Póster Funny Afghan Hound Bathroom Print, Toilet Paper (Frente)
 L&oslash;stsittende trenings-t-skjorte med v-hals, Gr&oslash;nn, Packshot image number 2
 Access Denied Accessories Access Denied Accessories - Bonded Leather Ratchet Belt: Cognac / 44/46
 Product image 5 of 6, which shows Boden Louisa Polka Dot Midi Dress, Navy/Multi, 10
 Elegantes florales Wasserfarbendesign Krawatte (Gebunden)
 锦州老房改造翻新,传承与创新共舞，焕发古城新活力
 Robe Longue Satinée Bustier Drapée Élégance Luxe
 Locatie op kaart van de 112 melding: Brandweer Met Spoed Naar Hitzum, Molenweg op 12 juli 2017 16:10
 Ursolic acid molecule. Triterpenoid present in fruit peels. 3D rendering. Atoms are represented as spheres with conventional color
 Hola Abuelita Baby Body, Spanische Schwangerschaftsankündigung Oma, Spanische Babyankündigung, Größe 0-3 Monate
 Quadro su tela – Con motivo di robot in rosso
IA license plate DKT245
■ ■ ■ ■ ■
_TASK PROMPT_
Every line in the data above that contains the word "image" counts; report how many there are and nothing more.

_RESPONSE BELOW_
2